Pemkab Sarolangun menyediakan anggaran sebesar Rp 25 Miliar, yang diperuntukkan untuk Organisasi Perangkat Daerah (OPD) teknis, seperti BPBD, Dinkes, Dinsos, RSUD, Dinas PU-PR dan Disperindagkop.

Dari anggaran tersebut, Pemkab Sarolangun telah menghabiskan anggaran sebesar Rp 11 Miliar. Hal ini dikatakan Kepala Badan Pengelolaan Keuangan dan Aset Daerah (BPKAD) Sarolangun, Emalia Sari, yang dikonfirmasi, Senin (22/6/2020).

Katanya, pengeluaran yang paling besar ada di Dinkes, untuk pengadaan peralatan kesehatan di Puskesmas. 

Kemudian RSUD Sarolangun, yang mengajukan biaya perawatan pasien positif covid-19 dan insentif tenaga medis yang terdiri penjaga, perawat dan dokter, pihaknya mencairkan anggaran sekitar Rp 800 juta. 

Kemudian program Padat karya Rp 5 Miliar melalui Dinas PU-PR sudah terealisasi lebih dari Rp 3,1 Miliar dari dua kali pencairan.

"Ada juga bantuan beras dari Dinsos untuk masyarakat sebanyak 20 kg per KK tahap pertama kemarin Rp 3,4 Miliar dan saat ini sudah masuk tahap kedua," katanya. 
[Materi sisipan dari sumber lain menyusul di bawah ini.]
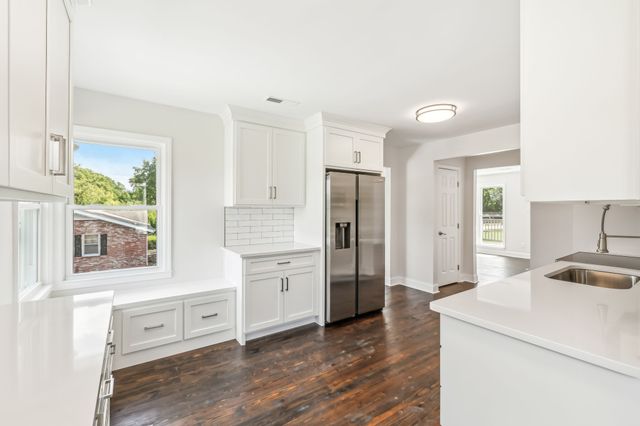 110 S Laurel Cir, Columbia, TN 38401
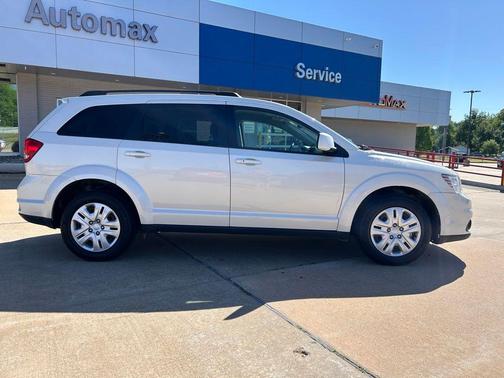 White Noise 2019 Dodge Journey SE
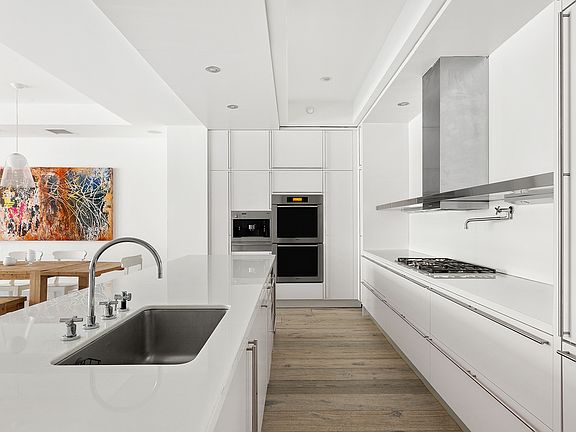 4th image of 32 W 18th St APT 7A
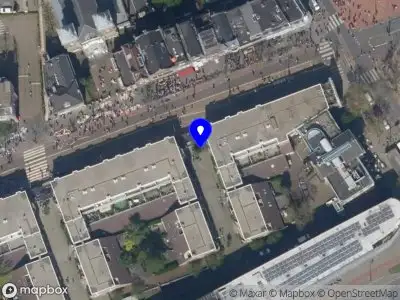 Ambulance met grote spoed naar de Nieuwe Binnenweg in Rotterdam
Selain itu, Pemkab Sarolangun selain menyiapkan anggaran dari hasil refocusing anggaran, juga membuka rekening untuk pihak swasta dalam membantu penanganan Covid-19 ini dengan sebutan sana peduli covid-19. Hingga saat ini terkumpul dana sekitar Rp 874 Juta. 

"Itu sudah realisasi dan sekarang tinggal sekitar Rp 200 juta, untuk pembelian sembako untuk masyarakat, pengadaan masker ke masyarakat umum dan sembako untuk 10 Kecamatan di sarolangun, intinya digunakan untuk keperluan masyarakat," katanya.